Veintidós años juntos y una hija de dieciocho. Toda una vida. Quizás, si no se hubiesen visto inmersos en una guerra, nunca hubiesen pensado en contraer matrimonio. Y, es probable que su amor, con o sin una firma, fuese eterno. Pero, a veces, la vida da un vuelco y, donde era blanco ahora se torna en negro. La vida, a veces, te pone en situaciones límite, como la de una enfermedad, o como la de una guerra y, es entonces, cuando, al ver el peligro de una posible muerte, dejas de pensar en ti, para pensar en todos esos seres queridos que se quedan y, decides formalizar tu situación, para, quizás, protegerles y así velar por sus intereses y necesidades.

Seguro que, entre bombas y morteros, Lesia pensó en Valerii y en su hija y, Valerii pensó en su hija y, por supuesto, en Lesia. La proximidad de la muerte les hace pensar en cómo quedarían ellos, sus seres más queridos tras su falta. Están en peligro y, de repente, todo se hace urgente.

No hay tiempo para flores ni arroz, ni para invitaciones, no hay tiempo para “caterings”, tartas, ni para velos ni esmóquines. La urgencia flexibiliza todo trámite y formalismo.
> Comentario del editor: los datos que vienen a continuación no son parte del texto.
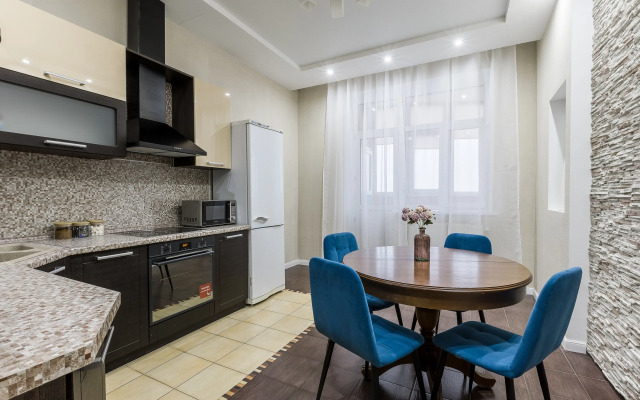 V Azhk Parusa Flat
Hablamos del matrimonio en peligro de muerte. Del matrimonio que a alguien se le hace necesario antes de que ocurra una desgracia o contratiempo. Y, es que, a veces, sin quererlo, los minutos corren y los colores se confunden hasta que el rojo, el amarillo y el azul acechan hasta hacerse negro. La vida de alguien corre hacia el final, sin pausa. Y, por eso, ante cualquier amenaza contra la vida, la ley se relaja, se hace, si me lo permitís, puede que, más humana y, entonces, solo entonces, se puede celebrar el acto del matrimonio modificando a los funcionarios que podrán autorizarlo y haciendo que, además, no sea necesaria la formación del expediente matrimonial que, en cualquier otra ocasión, sí será necesario tramitar.
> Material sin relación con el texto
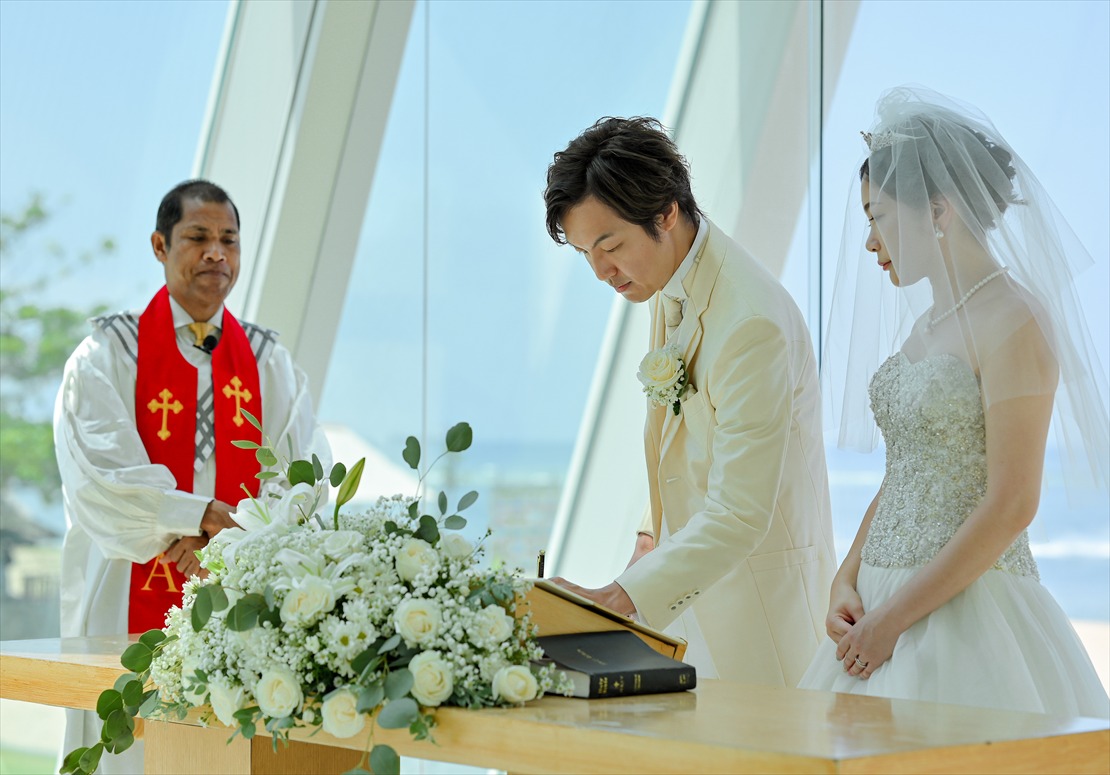コンラッド・バリ挙式 結婚証明書サイン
La regulación del matrimonio en peligro de muerte busca facilitar la celebración del mismo cuando concurran circunstancias en las que se prevé que la muerte sobrevenida de alguno de los contrayentes pueda frustrar tal posibilidad.

Al fallecer una personas se dan diferentes consecuencias que pueden variar en función de si ésta está casada o soltera. Por ejemplo, sobre todo en cuanto a los derechos hereditarios o en cuanto una posible pensión de viudedad que, ayudaría al cónyuge que sobreviva a poder mantener una situación económica.
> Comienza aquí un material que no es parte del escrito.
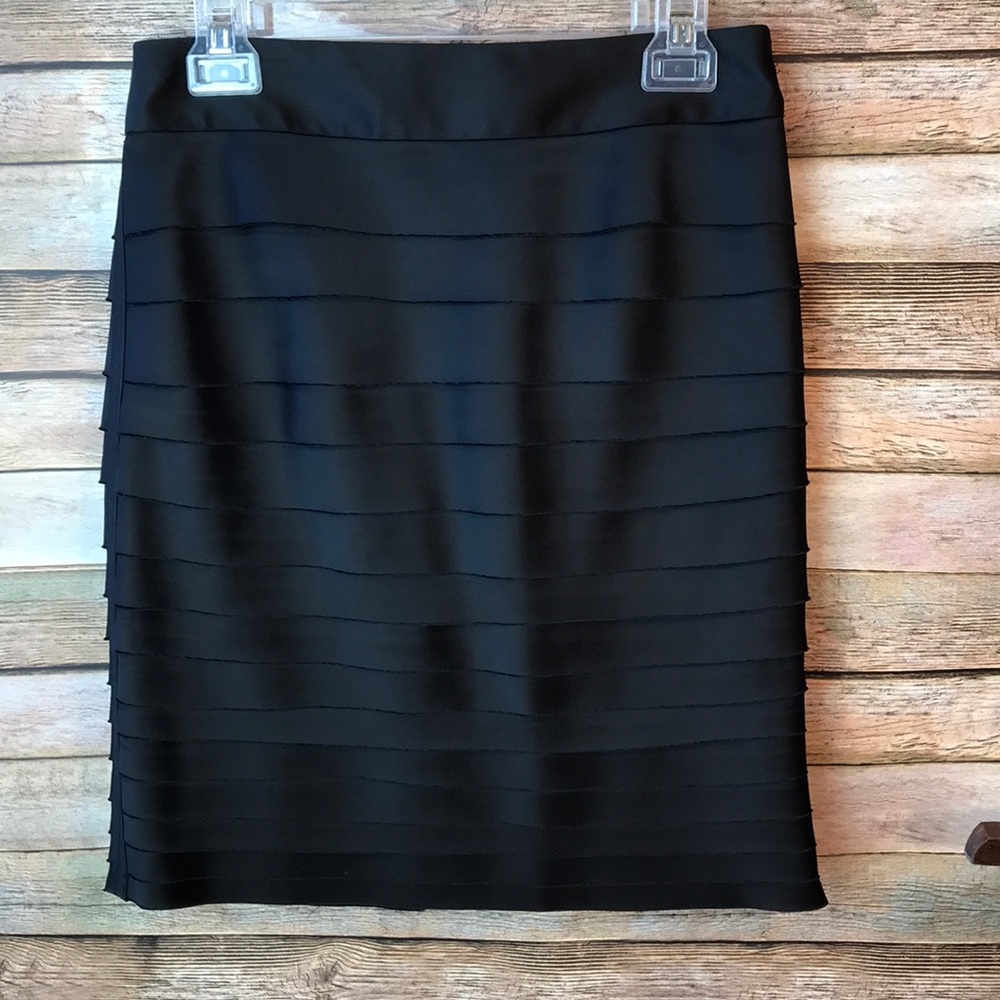 White House Black Market Skirt Size 2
En principio, se puede acceder a la pensión de viudedad por el mero hecho de estar casados, sin que se valore ninguna otra cuestión, salvo si el contrayente ha fallecido por enfermedad común existente antes del matrimonio. En tales casos, el cónyuge supérstite solo podrá acceder al derecho a la pensión de viudedad si existen hijos comunes o cuando se acredite un período de convivencia, extramatrimonial y matrimonial, de dos años.

Según la Ley –artículo 52 del Código Civil-, podrá autorizar el matrimonio en peligro de muerte, el Juez de Paz, Alcalde o Concejal en quien delegue, el Secretario judicial, o el Notario o funcionario a que se refiere el artículo 51. De igual modo, también podrán celebrarlo, el Oficial o Jefe superior inmediato respecto de los militares en campaña, y el Capitán o Comandante respecto de los matrimonios que se celebren a bordo de nave o aeronave.

El matrimonio en peligro de muerte, no requerirá para su celebración la previa tramitación del acta o expediente matrimonial, pero sí que requerirá de la presencia, en su celebración, de dos testigos mayores de edad.

Pero, ¿qué pasa si te encuentras en peligro de muerte con tu persona especial pero sin que os rodee más gente?

Cuando eso suceda, o cuando, aún haber gente cerca, sean menores, se permiten excepciones. Ese matrimonio en peligro de muerte será válido siempre y cuando se pueda acreditar la imposibilidad de contar en el acto con la presencia de testigos. Pero hay que poder acreditarlo y, a veces, por la situación, se hace dificil.

Por otro lado, cuando el peligro de muerte derive de enfermedad o estado físico de alguno de los contrayentes, otra de las formalidades necesarias para el matrimonio en peligro de muerte, es que los ocntrayentes deberñan aportar dictamen médico sobre su capacidad para la prestación del consentimiento y sobre la gravedad de la situación, salvo, eso sí, que se acredite la imposibilidad de obtener el mismo, sin perjuicio, claro está, de lo establecido en el artículo 65.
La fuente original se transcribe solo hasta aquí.